I am sincerely sorry about uh, almost 'accidentally' setting your pants on fire. Even though it wasn't really an accident. But it was kinda justified because you were, well, still, are an asshole.

So yeah. I don't really care if you forgive me or not cuz I don't need or really, want an asshole's forgiveness.

See you in hell! :)

- Chase Forrest

p.s. I believe I was actually doing you a f*cking favor-- I mean, your pants were really ugly that day and they just enlarged your thighs an awful lot. It was a rather sight-- please remember for future reference that skinny jeans are NOT for 'larger' men (or any man). Just a heads up.

I thought that was a 'suitable' enough apology in my father's eye. After a call from my father demanding quicker results, I spent all morning writing a 'sincere' apology letter.

Simply put, it was not a fun activity. Especially since before I could deliver the letter to Carter, my father demanded that he read it to make sure it was 'appropriate.'

Apparently, by my father's standards letter was too 'mean' and not 'sincere' enough. Sure, I guess the comments about his size was a little unnecessary. And I guess I probably shouldn't had called him an asshole in the letter, but hey, my father should know by now that that was as good as it would get.

I mean, even when I was younger, I was awful at apologizing. Especially when I didn't feel any remorse for what I had done.

Like, when I was seven, I, while creatively playing a game of catch with myself (because my father was 'busy'), I 'accidentally' broke our neighbor's window.

Our neighbor-- a grumpy, lonely cat lady who did not hand out candy on Halloween but apples-- was rather infuriated when she realized that I had broken her window.She had hated me before (because I had pulled a few pranks on her and made a few 'unsensitive' jokes concerning her loneliness), and the whole window incident made her hate me about a trillion times more.

It wasn't really on purpose, yet it wasn't really an accident. My argument to Ms. Croony (the neighbor) was that the wind was especially strong that day, which was kinda true. But the truth was that I could've caught the ball.

However, once I'd realized it was heading towards Ms. Croony's hundred thousand dollar windows, I remembered the shitty Halloween 'treats' she gave out, and simply, let the ball shatter her apparently priceless windows.

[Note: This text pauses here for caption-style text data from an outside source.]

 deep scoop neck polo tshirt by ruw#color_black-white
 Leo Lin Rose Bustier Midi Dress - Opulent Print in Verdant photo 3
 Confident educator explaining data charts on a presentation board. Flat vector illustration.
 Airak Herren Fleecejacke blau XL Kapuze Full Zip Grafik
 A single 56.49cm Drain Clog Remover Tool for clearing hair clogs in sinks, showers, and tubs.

A half-truth, I figured at the time.

My father, after finding out, was furious, to say at the least. I mean, it had been the first time I had done something seriously bad-- before, I had just stayed out of his way and was a relatively 'good little boy.' After the incident, my mother and father took me to Ms. Crooney to apologize. And naturally, and not really regrettably, after offering the angry neighbor a half-hearted apology, I added in that she deserved it because of the awful treats she gave out at Halloween.

Let's just say that my father was mortified, while my mother found the situation just a little humorous.

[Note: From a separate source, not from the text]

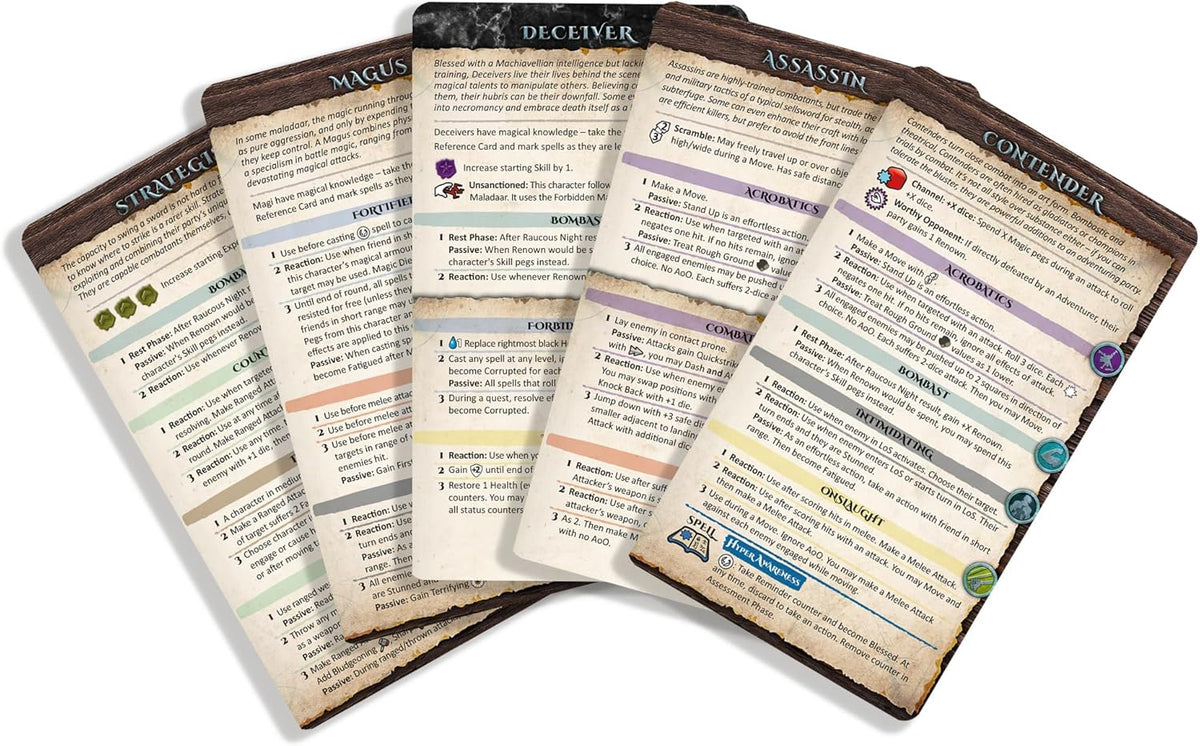 Maladum: Reference Cards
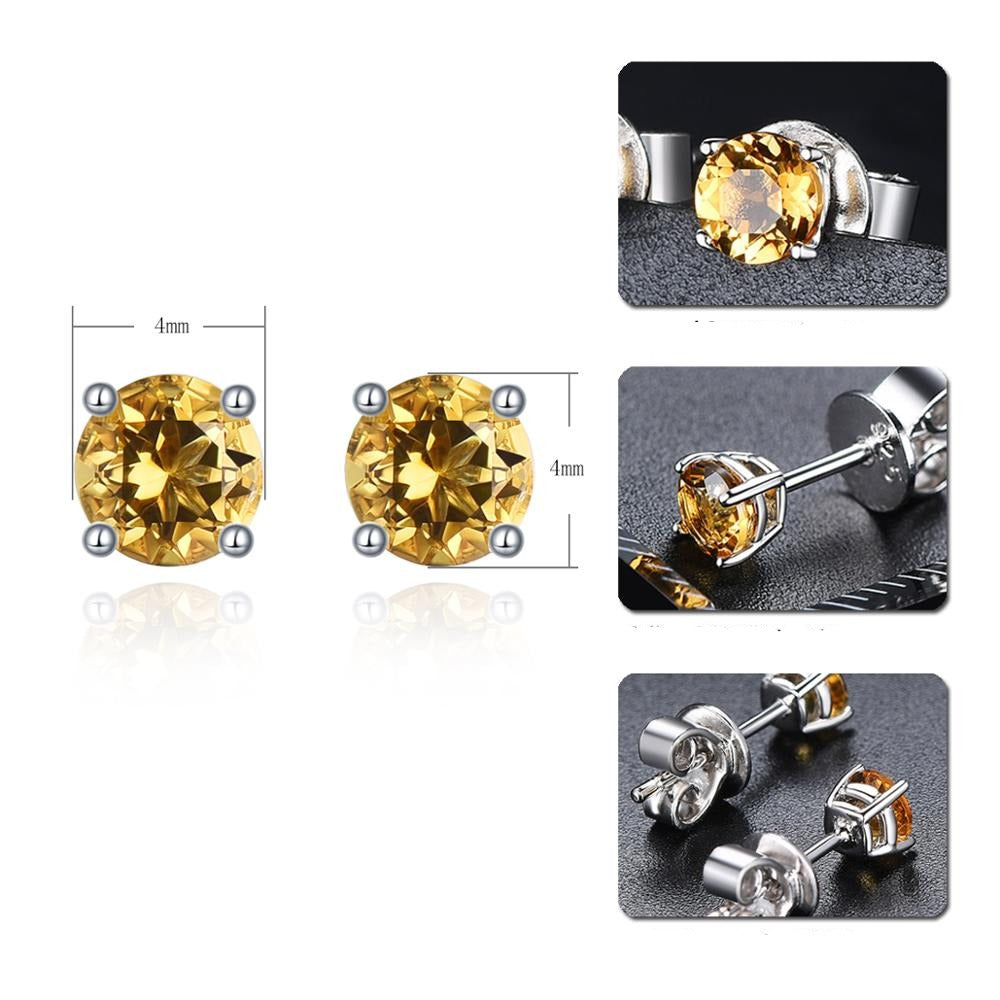 Boucle d’Oreille Homme CITRINE (Paire)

The result was a huge check made out to Ms. Crooney, and several apologies from both my mother and father.

I guess it was a little ridiculous to be that vengeful about awful Halloween treats, but hey, I was seven at the time. And every seven year old loves candy-- not stupid crab apples. 

Plus, I was just never good at apologizing-- admittedly, I was an expert at weaving believable lies, but let's never mind that. 

And honestly, there was no way in hell I was actually providing that asshole an adequate apology. I mean, sure, beneath Carter's mean, bitter, power hungry exterior, there might be a nice guy deep down-- an officer that gave children balloons and candy, helped the elderly down the street-- but that side has never been shown to me.